2007-03-16

White Elephant

I'm bad about uploading photos. A good three months later, I've rediscovered pictures from a mid-December evening. Our house had a dress up holiday dinner with gift exchanging that looked like this:




That dinner was pure love. My housemates are the finest people I know.

After the meal, we invited the masses to play a White Elephant game. Earlier, when Shea admit he didn't know what White Elephant was, Kline made up some story about how people would dress up like white elephants and exchange gifts. Shea (rightfully) wasn't sure whether to believe this story, so at the time of the game, a bunch of us emerged wearing white trunks to play along with Kline's ruse. Notably, these "white" trunks were my dirty socks attached to my friends' faces with rubberbands.





We played a twisted version of White Elephant that used a die and kept the fun going for more than an hour. I ended up with this squeeze-and-gobble turkey doll that the dogs would soon devour. On its last day, it no longer gobbled, but rather made an electronic whaling, true to its impending demise. Kat won a set of plastic meat. Mike won holiday mint foot cream. Andrew snagged a can of spam, which is not so impressive when you know that he was the only one competing for that lovely item. Meanwhile, everyone was trying to do eir best not to get stuck with this beauty:

More than a year ago, I bought this piece of yarn art at a thrift store. It was actually but one in a set of five Christmas-themed yarn portraits, but I forced myself to choose just one. I hung it in my apartment for a year, then regifted it to RJ and Andrew as part of an elaborate prank. They must not have liked it, however, since it was contributed back to this game. I think it's pretty funny, but apparently nobody else did. Look at how happy Amber and Shea were when they got rid of the caroling boy.

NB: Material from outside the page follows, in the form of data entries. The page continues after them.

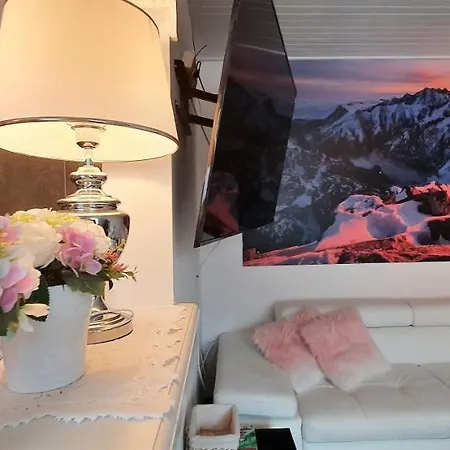 Drevenicka U Jezka Holiday home *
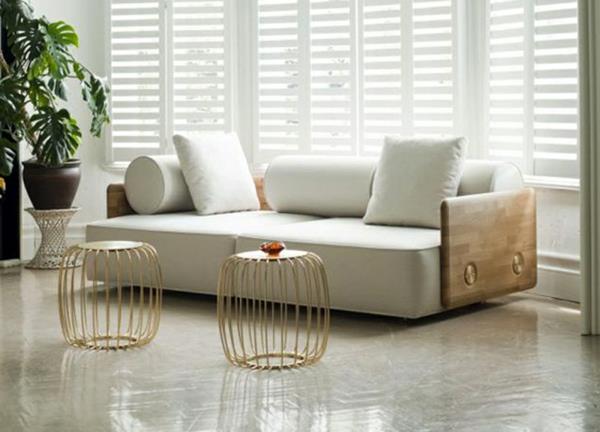 dizainas-sofa-lova-ir-du originalūs-maži stalai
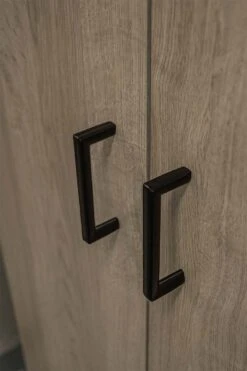 Berenson Metro Pack Of (25) - 1-3/16 Inch Square Cabinet Knobs / Square Drawer Knobs With Mounting Hardware Chrome -Cabinet Hardware Store Berenson20Metro2001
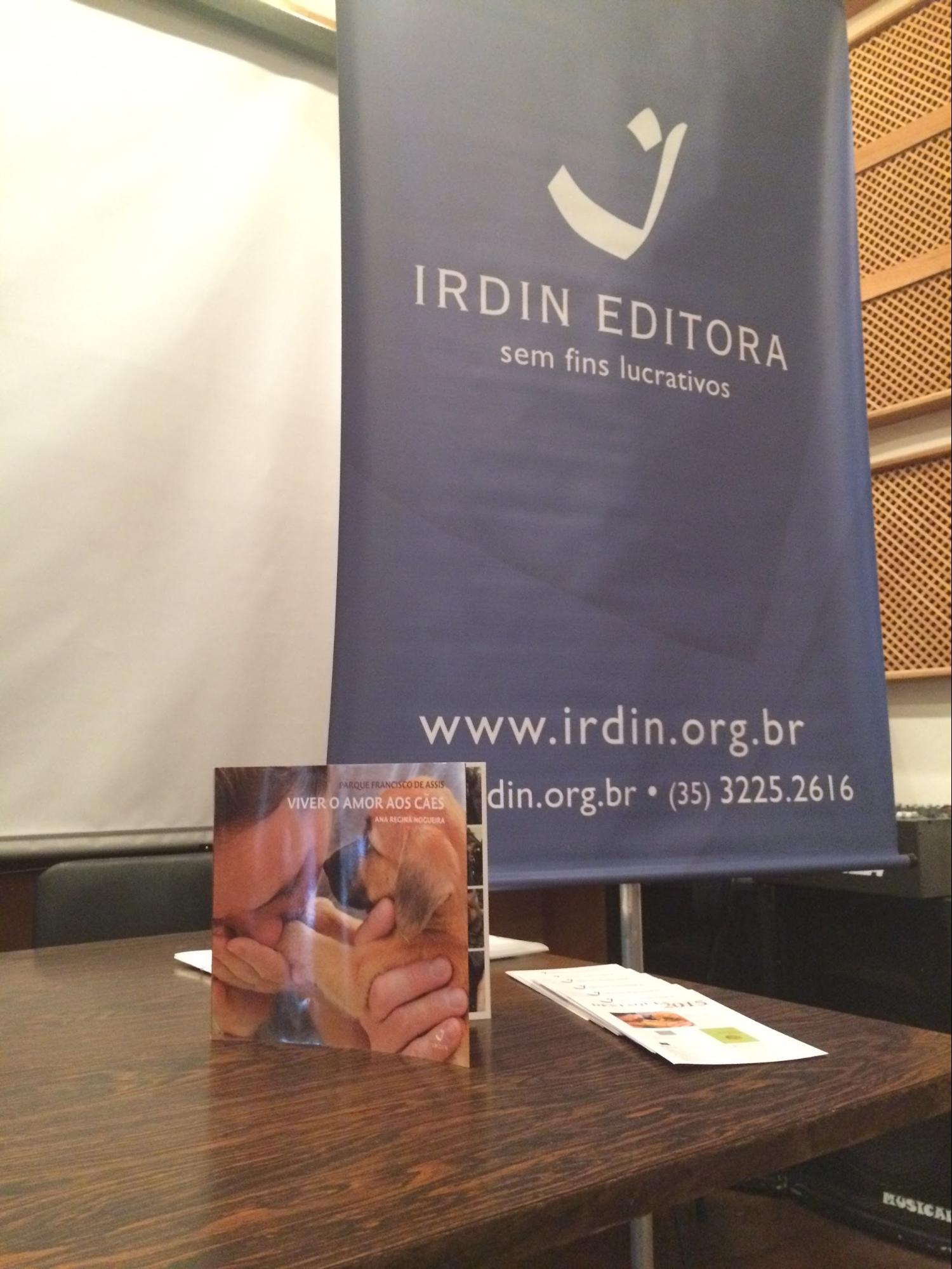 A editora Irdin, sem fins lucrativos, foi a responsável pela publicação do livro - Foto:Elaine Maciel 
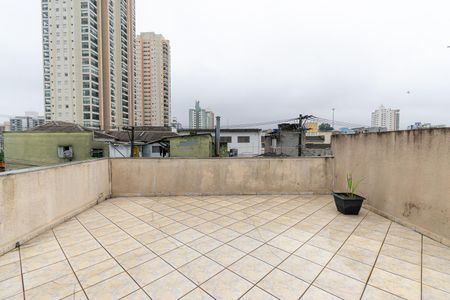 Casa à venda com 210m², 6 quartos e 1 vaga Casa à venda com 210m², 6 quartos e 1 vagaVaranda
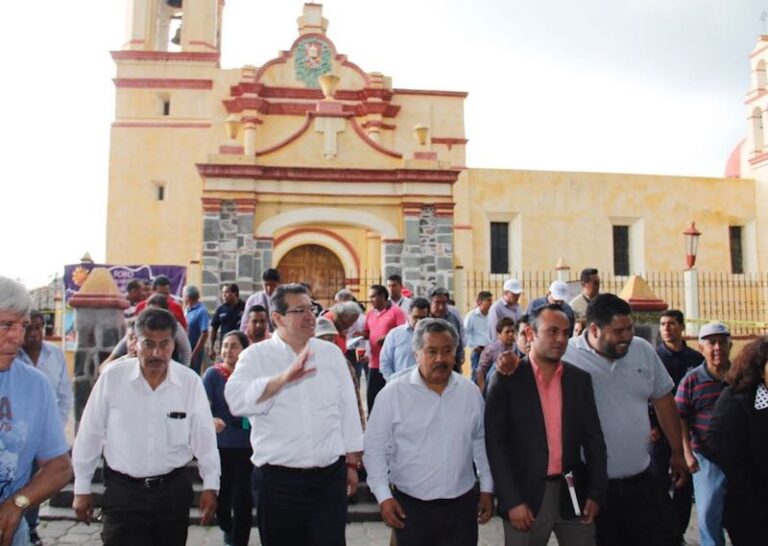 Marco Mena Recorre Lugares Afectados por el Sismo en Tlaxcala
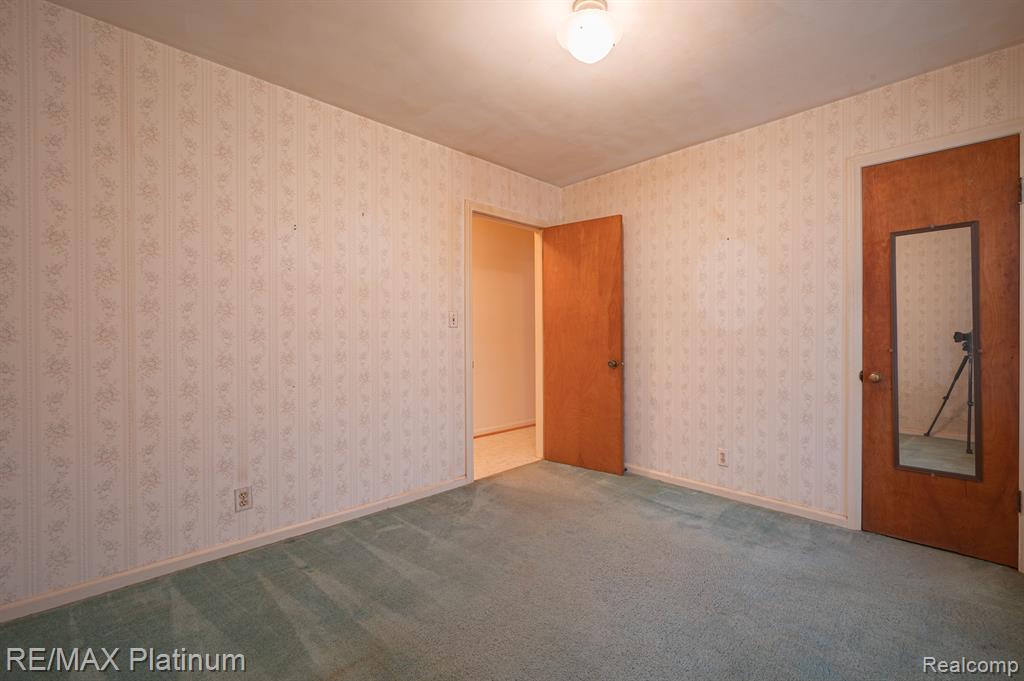 850 West Maple Road Milford, MI 48381 - Photo 19 of 34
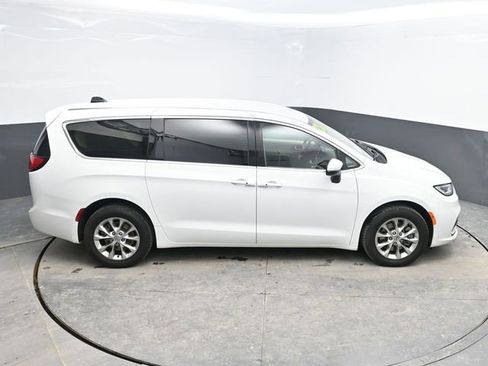 Used 2023 Chrysler Pacifica Touring-L image 26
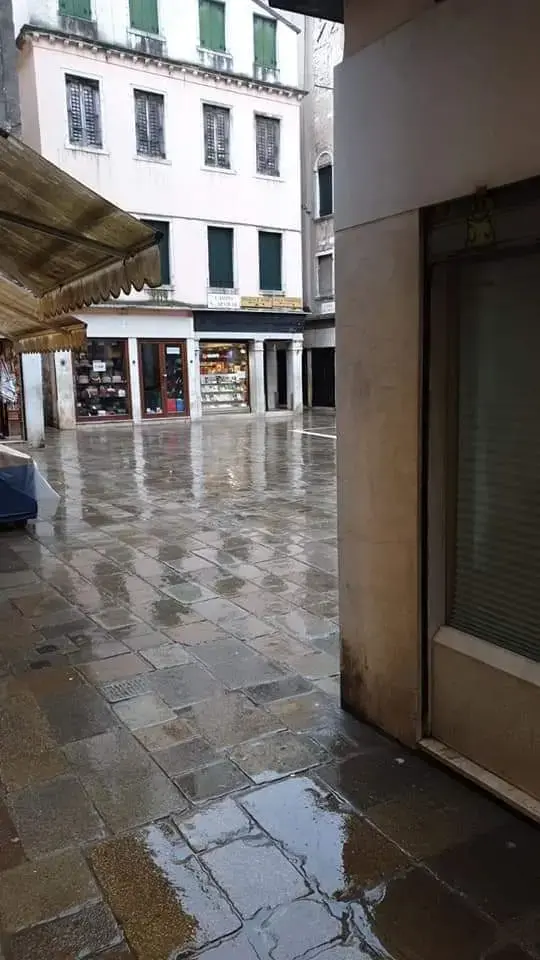 ונציה ריקה מתיירים בגלל הקורונה במרץ השנה (אתר רשמי , באדיבות חיים קוזניץ) ונציה ריקה מתיירים בגלל הקורונה במרץ השנה (אתר רשמי , באדיבות חיים קוזניץ)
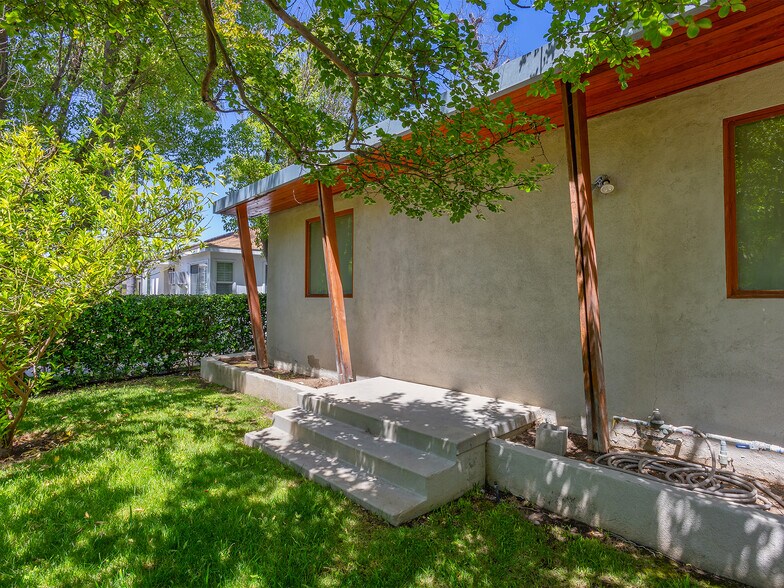 5762 Andasol Ave, Encino, CA à vendre - Photo de l’immeuble – Image 3 sur 40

The happiness was later dispelled, however, when after nearly an hour of trading it back and forth with RJ and Michael Michael, Shea got stuck with it. I think I was the only one excited to have it back in my house's possession. I replaced Amber's oversized quail art with the choir boy, but it was later vetoed when they called him "Blowjob Boy" because of his open mouth. That pretty much ruined his yarn-like innocence to me, and he's been hiding in the garage ever since.